= Yǒu biān dú biān =

Rule of thumb for Chinese pronunciation

Yǒu biān dú biān (有邊讀邊 (有边读边, yǒu biān dú biān, [if] there is a side... read the side)), or dú bàn biān (讀半邊 (读半边, dú bàn biān, read the half)), is a rule of thumb people use to pronounce a Chinese character when they do not know its exact pronunciation. A longer version is '有邊讀邊，沒邊讀中間' (yǒu biān dú biān, méi biān dú zhōngjiān; lit. "[if] there is a side, read the side; [if] there is no side, read the middle part").

Around 90% of Chinese characters are phono-semantic compounds that consist of two parts: a semantic part (often the radical) that suggests a general meaning (e.g. the part 貝 [shell] usually indicates that a character concerns commerce, as people used shells as currency in ancient times), and a phonetic part which shows how the character is or was pronounced (e.g. the part 皇 (pinyin: huáng) usually indicates that a character is pronounced huáng in Mandarin Chinese).

The phonetic part represents the exact or almost-exact pronunciation of the character when the character was first created; characters sharing the same phonetic part had identical or similar readings.

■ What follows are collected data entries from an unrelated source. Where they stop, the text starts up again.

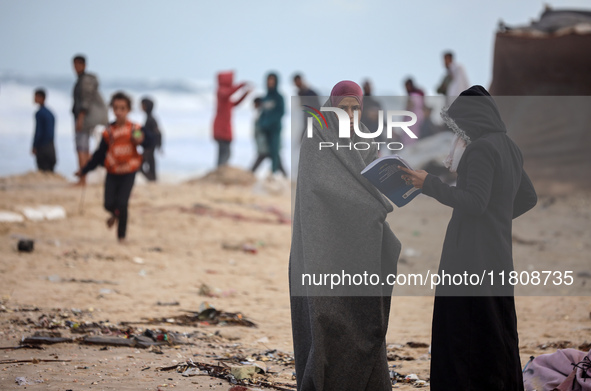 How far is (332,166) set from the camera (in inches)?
122

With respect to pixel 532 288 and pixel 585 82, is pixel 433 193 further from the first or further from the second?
pixel 585 82

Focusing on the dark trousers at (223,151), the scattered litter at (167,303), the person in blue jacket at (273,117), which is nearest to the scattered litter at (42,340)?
the scattered litter at (167,303)

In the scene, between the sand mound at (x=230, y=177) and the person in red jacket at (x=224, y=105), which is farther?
the sand mound at (x=230, y=177)

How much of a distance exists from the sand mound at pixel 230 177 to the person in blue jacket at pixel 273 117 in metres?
0.74

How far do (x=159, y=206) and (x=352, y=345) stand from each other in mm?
7880

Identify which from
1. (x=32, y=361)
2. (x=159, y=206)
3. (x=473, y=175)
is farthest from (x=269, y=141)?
(x=473, y=175)

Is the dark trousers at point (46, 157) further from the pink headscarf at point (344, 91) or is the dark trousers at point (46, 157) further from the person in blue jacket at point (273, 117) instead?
the pink headscarf at point (344, 91)

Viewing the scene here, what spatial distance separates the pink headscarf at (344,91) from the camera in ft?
10.5

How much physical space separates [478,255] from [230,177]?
10996mm

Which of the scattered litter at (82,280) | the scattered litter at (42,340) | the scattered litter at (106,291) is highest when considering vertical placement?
the scattered litter at (82,280)

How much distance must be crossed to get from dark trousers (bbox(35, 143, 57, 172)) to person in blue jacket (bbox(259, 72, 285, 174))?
3.93 m

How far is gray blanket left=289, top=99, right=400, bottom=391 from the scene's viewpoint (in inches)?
119

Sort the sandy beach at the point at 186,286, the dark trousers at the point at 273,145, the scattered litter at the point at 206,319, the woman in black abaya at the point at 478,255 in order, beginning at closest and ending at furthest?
the woman in black abaya at the point at 478,255 < the sandy beach at the point at 186,286 < the scattered litter at the point at 206,319 < the dark trousers at the point at 273,145

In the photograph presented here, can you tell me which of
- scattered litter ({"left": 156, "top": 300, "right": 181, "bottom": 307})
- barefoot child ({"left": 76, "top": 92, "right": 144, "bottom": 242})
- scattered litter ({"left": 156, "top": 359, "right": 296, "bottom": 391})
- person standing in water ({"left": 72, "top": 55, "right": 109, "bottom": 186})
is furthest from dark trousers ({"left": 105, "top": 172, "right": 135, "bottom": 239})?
scattered litter ({"left": 156, "top": 359, "right": 296, "bottom": 391}) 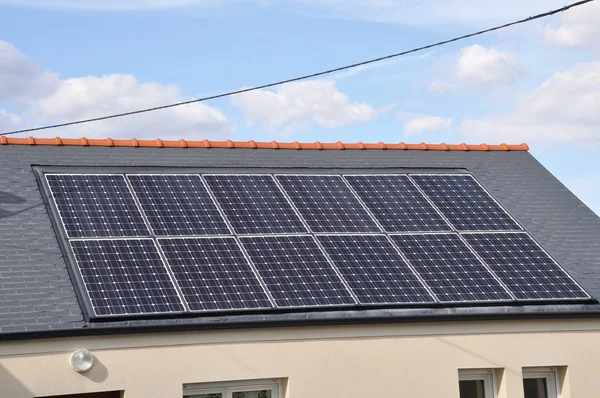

Linguists rely heavily on this fact to reconstruct the sounds of ancient Chinese. However, over time, the reading of a character may be no longer the one indicated by the phonetic part due to sound change and general vagueness.

When one encounters such a two-part character and does not know its exact pronunciation, one may take one of the parts as the phonetic indicator. For example, reading 詣 (pinyin: yì) as zhǐ because its "side" 旨 is pronounced as such. Some of these readings have become acceptable over time; they have been listed in dictionaries as alternative pronunciations, or simply become the common reading. For example, the character 町 ting in 西門町 (Ximending) is read as if it were 丁 ding. It has been called a "phenomenon of analogy", and is observed in as early as the Song dynasty.